静かな地下室にひとり。津田はここが好きだった。装置を眺めているだけで、い
ろいろなことが頭に浮かんでくるのだ。
電話の普及はすばらしいものだ。フロリダだろうがどこだろうが、世界中どこと
も一瞬のうちに連絡し、空間なるものを消してしまう。距離がまるで無になるのだ
。そして、コンピューター。これは時間というものを消してしまう。三年前だろう
が一時間前だろうが、その記録の正確さにはなんの差もないのだ。こんな時代にな
るとは、むかしの人は想像もしなかったろうな。いや、いまだって完全にそれにな
れているといえるかどうか。
空間と時間とを消し、人びとは自由にそれを利用している形ではある。
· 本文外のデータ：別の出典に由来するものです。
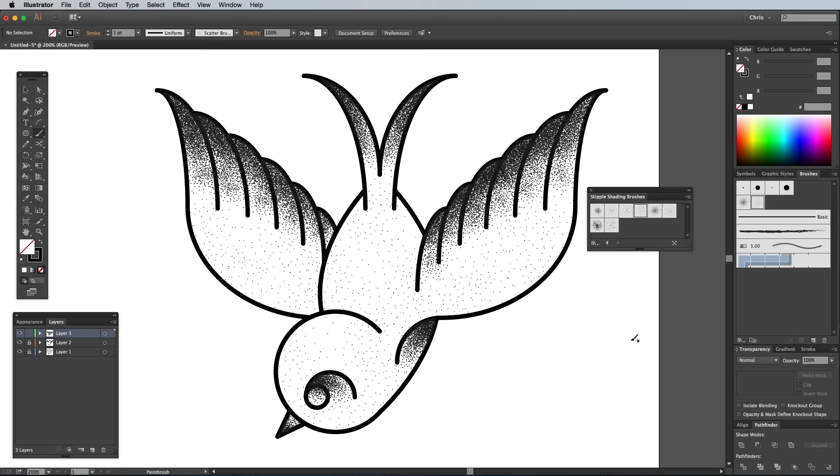Don't forget to unlock those working layers, then that wraps up our tattoo inspired Vector Sparrow illustration.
しかし、
ここにいる津田の目には、逆のようにも見えるのだ。人間たちがコンピューターの
ために働いているかのように。夏のアリがぞろぞろと、熱心に食物を巣に運ぶ。な
にかそれを連想してしまう。アリたちは、なぜそうするのか自分でわかっているの
だろうか。人間のほうはどうなのだろう。
「アリは食物を運び、人間は秘密を運ぶか……」
彼はつぶやき、名文句だなと自分で喜んだ。彼の思考は、秘密ということに飛ん
だ。いったい、秘密とはなんなのだろう。人間に特有な現象のようだが、なぜ秘密
がこうも大問題なのだろう。だれもがかくすから知りたくなるのだろうか。だれも
が知りたがるから、かくしてみたくなるのだろうか。人間が人間である特徴は、秘
密で構成されているという点だろうか。
「まったく、ふしぎなものだなあ、人間という生物は……」
津田は思いにふけった。このようにとりとめもないことを考える性格が、妻の趣
味と一致せず、離婚するはめになったのだ。しかし、いまは好きなようにそれにひ
たることができる。
そもそも、秘密なるものの起源はどこにあるのだろうか、とも考えてみる。原始
時代にさかのぼるのだろうなあ。いや、もっと前なのかもしれない。食料をさがし
て野山をうろついていたころなんだろうなあ。食料を求めるのは楽でなく、しかも
それは有限だ。その所在を他に知らせることは自己の損失。餓死につながりかねな
い。そんなことから、自己、家族、部族と何重もの秘密がうまれてきたのではない
だろうか。
有限なものをめぐって争うとなると、その競争相手を殺さなければならない。さ
もなければ所在を秘密にするかだ。どちらをえらぶかの岐路に立ち、人類は殺しで
なく秘密のほうをえらんだ。これが文明のはじまりじゃないのだろうか。殺しは強
さだけできまる。原理は弱肉強食だけだ。しかし、秘密となると、強さではない。
くふうがいるのだ。最初はちょっとしたくふうですむが……。
火や道具の発明なんかより、秘密ということの発明のほうが大問題だったろうな
。だから旧約聖書でも、人類最初の事件はエデンの園で禁断の果実を食うことなの
だ。神に対して秘密を持ったという象徴なのだろう。